Mizuko Ito’s ethnographic work with young consumers of popular transmedia systems such as Pokémon traces a ‘mobilization’ of imagination, as these media platforms inspire, indeed necessitate, inquisitive, creative and social modes of imaginative play (Ito 2011). In solving game puzzles, collecting and swapping cards, personalising items, linking consoles together to share items, powers and characters, playful technological platforms scaffold imaginative enquiry, exploration, and the collection and sharing of virtual creatures and knowledge.

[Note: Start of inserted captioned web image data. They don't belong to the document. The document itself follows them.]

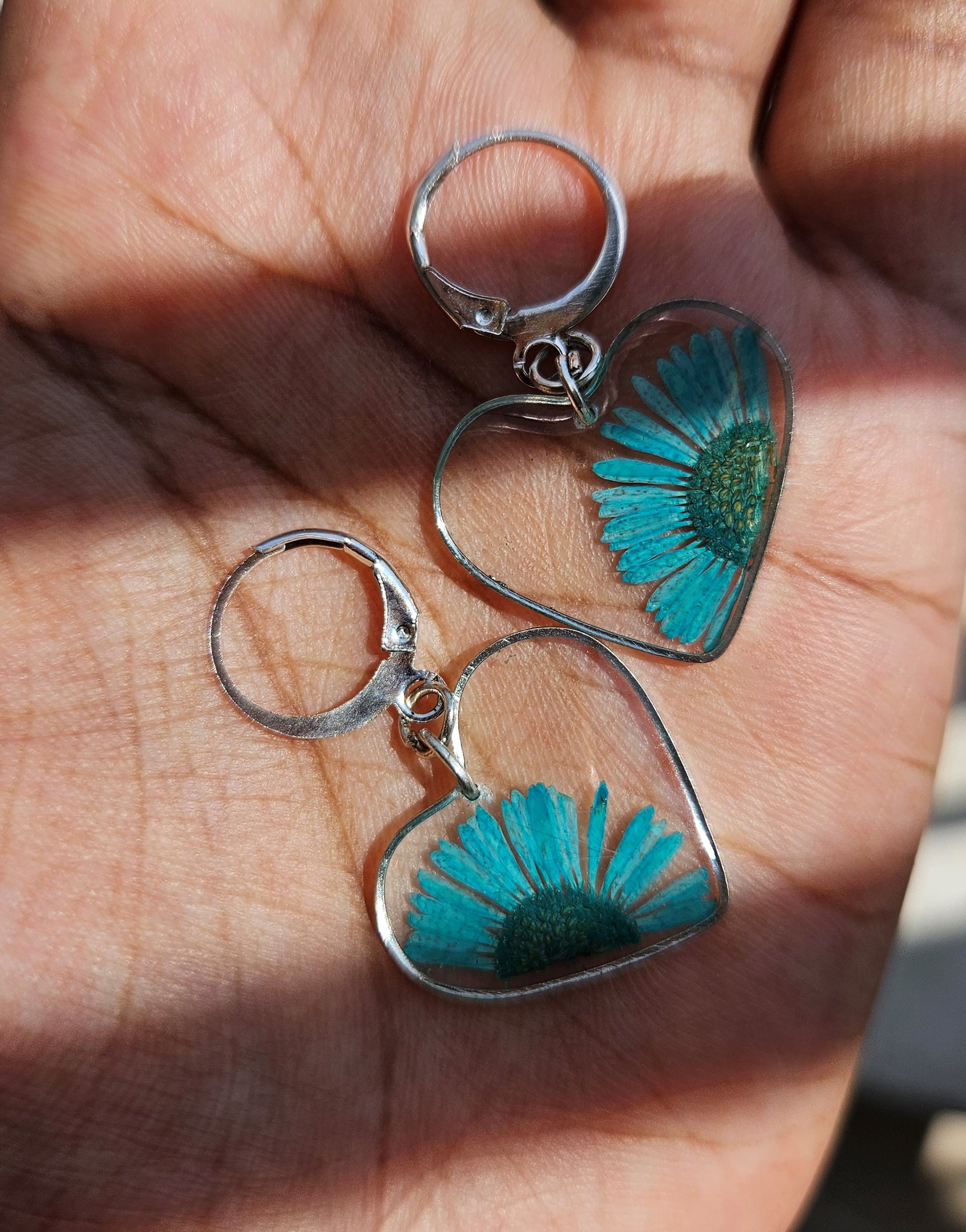Blue Daisy Earrings | Real Flower Jewellery | Elnorah Jewellery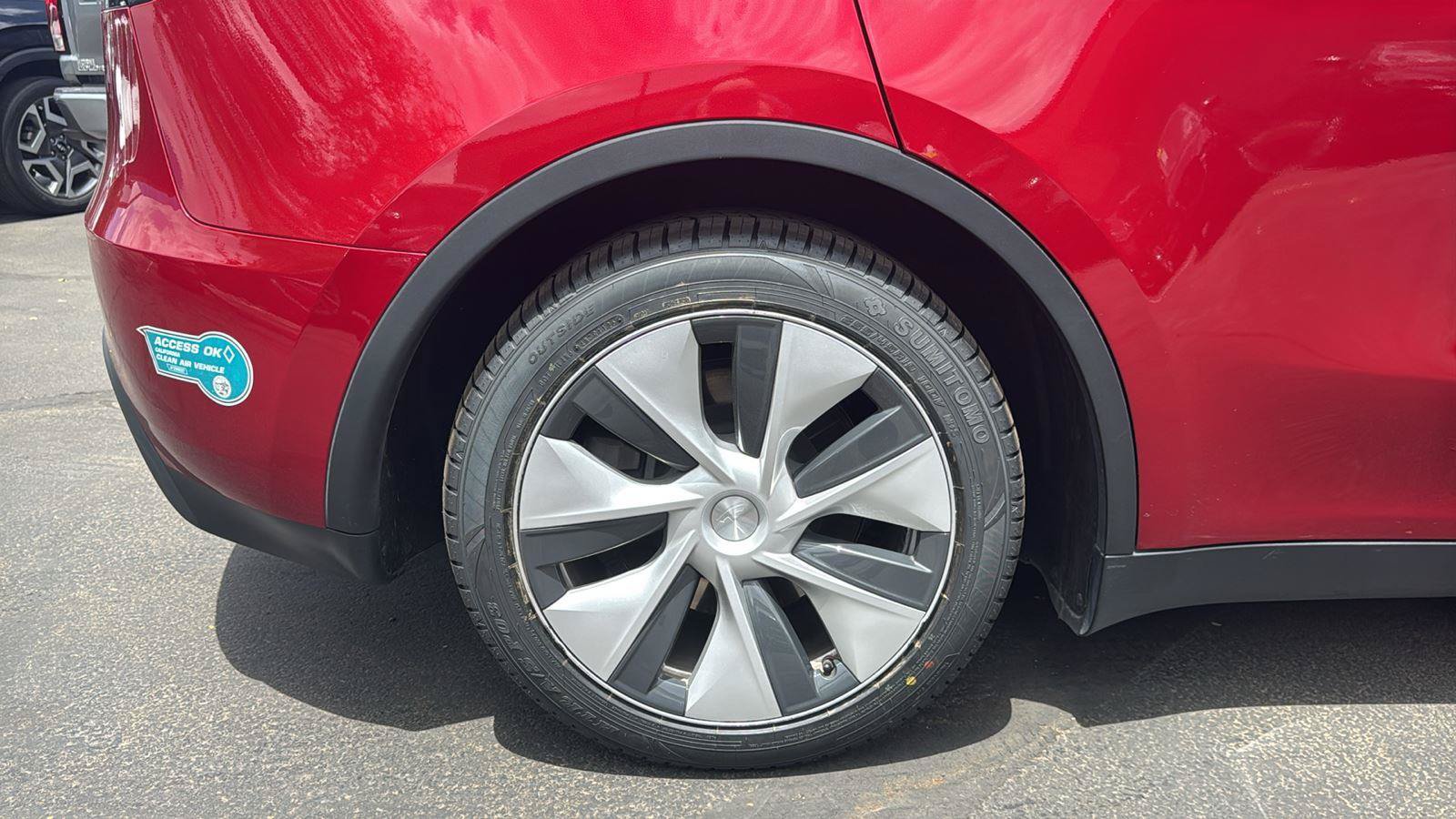 Used 2024 Tesla Model Y Long Range AWD/4WD image 6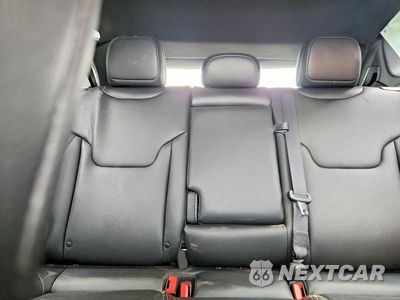 Zdjęcie 10 z 14 samochodu: 2025 JEEP COMPASS LIMITED VIN:3C4NJDCN9ST559604 - miniatura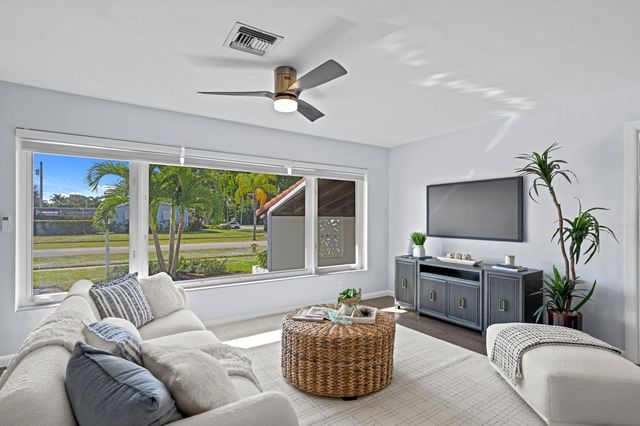 541 Kingfish Road, North Palm Beach, FL 33408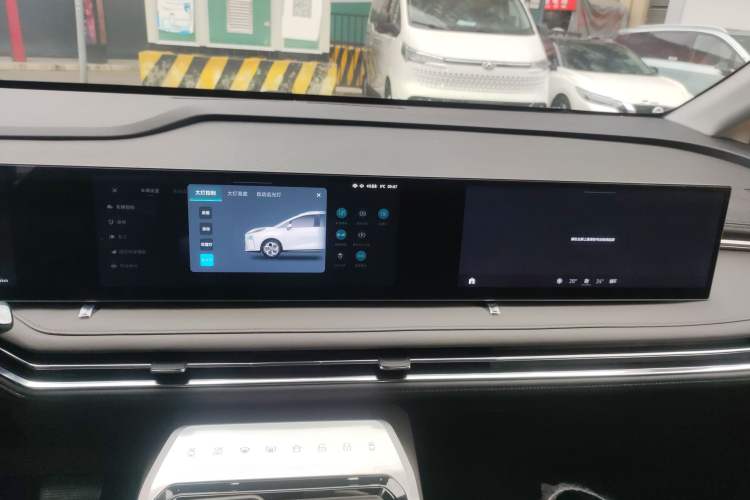 Used SAIC MAXUS G70 2024 2.0T Automatic Flagship Version 7 Seats Audio And AC Panel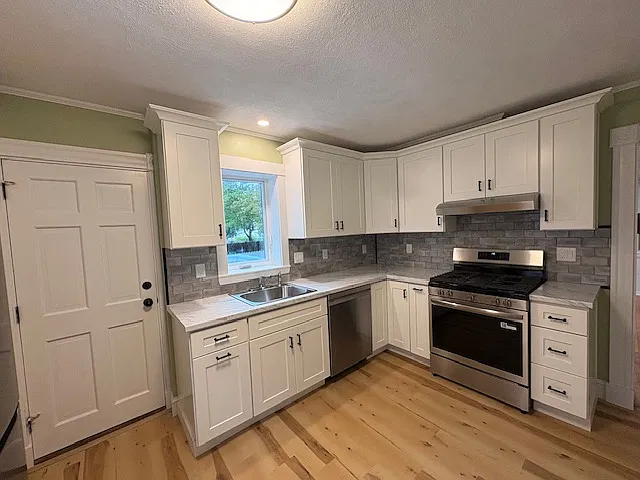 3 bed, 1586 sqft, $3,500 — Photo 3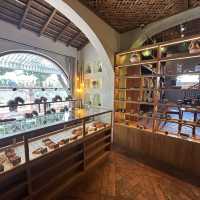 Shelter Cafe, Seminyak: A Hidden Gem in Bali’s Bustling Heart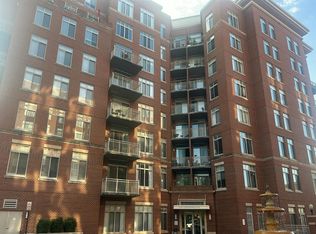 4480 Market Commons Dr Unit 416, Fairfax, VA 22033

The transmedia universe of Pokémon is a techno-aesthetic platform that facilitates particular kinds of imaginative engagement, from the rule-bound and intentional, to more unpredictable and expansive semiotic and performative play (see also Sefton-Green 2000).

Any act of play beyond daydreaming such play with toys, drawing, climbing trees or engaging with television involves the manipulation of objects, bodies and environments to some extent. Thus there are an infinite number of ways in which reality is augmented in play – augmentations that structure, are reciprocally structured by, and layered with, their material and technical realities. From this perspective the AR of Pokémon Go is just one example, albeit aparticularly vivid and technically complicated one. As well as recognising this continuity however, a critical understanding of distributed imagination must also address the material specificity and novelty of the environments and agents in any particular event or environment of play. Pokémon Go is integral to a rapidly changing digital economy of attention in which imagination is mobilised by, and flows through, the temporal dimensions of mobile and social media games, as well as their spatial, narrative and economic dimensions. In-app payments and microtransactions integrate monetisation into the time and behaviour of play itself. Critical attention to the distribution of imagination and layering of reality through Pokémon Go then should be trained on the specific machinations of the digital and social media attention economy, whilst acknowledging the always-already technological nature of imaginative play, and hence rejecting nostalgia for a mythical pre-technological age in play culture.

 

References

Alcock, Sophie (2010) ‘Young children’s playfully complex communication: distributed imagination’. European Early Childhood Education Research Journal. 18(2): 215-228.

Bateson, Gregory (2000 [1972]) Steps to an Ecology of Mind. Chicago IL: Chicago University Press.

Factor, June (2004) ‘Treestumps, manhole covers, and rubbish tins: the invisibile playlines of a primary school playground’. Childhood 11(2), 142-154.

Giddings, Seth (2014) Gameworlds: virtual media and children’s everyday play. New York: Bloomsbury.

Giddings, Seth (2016) ‘Distributed imagination’, online at http://www.microethology.net/distributed-imagination/

Hutchins, Edwin (1995) Cognition in the Wild. Cambridge MA: MIT Press.

Ito, Mizuko (2011) ‘Mobilizing imagination in everyday play: the case of Japanese media mixes’, in Seth Giddings and Martin Lister (eds) The New Media & Technocultures Reader. London: Routledge, 491-505.

Opie, Iona (1993) The People in the Playground. Oxford: Oxford University Press.

Ruckenstein, Minna (2013) ‘Playing Nintendogs: desire, distributed agency and potentials of prosumption’, Journal of Consumer Culture 15(3), 351-370.

Sefton-Green, Julian (2004) ‘Initiation rites: a small boy in a Poke-world’, in Joseph Tobin (ed.) Pikachu’s Global Adventure: the rise and fall of Pokemon. Duke University Press, 141-164.

Winnicott, D.W. (1974) Playing and Reality. London: Routledge.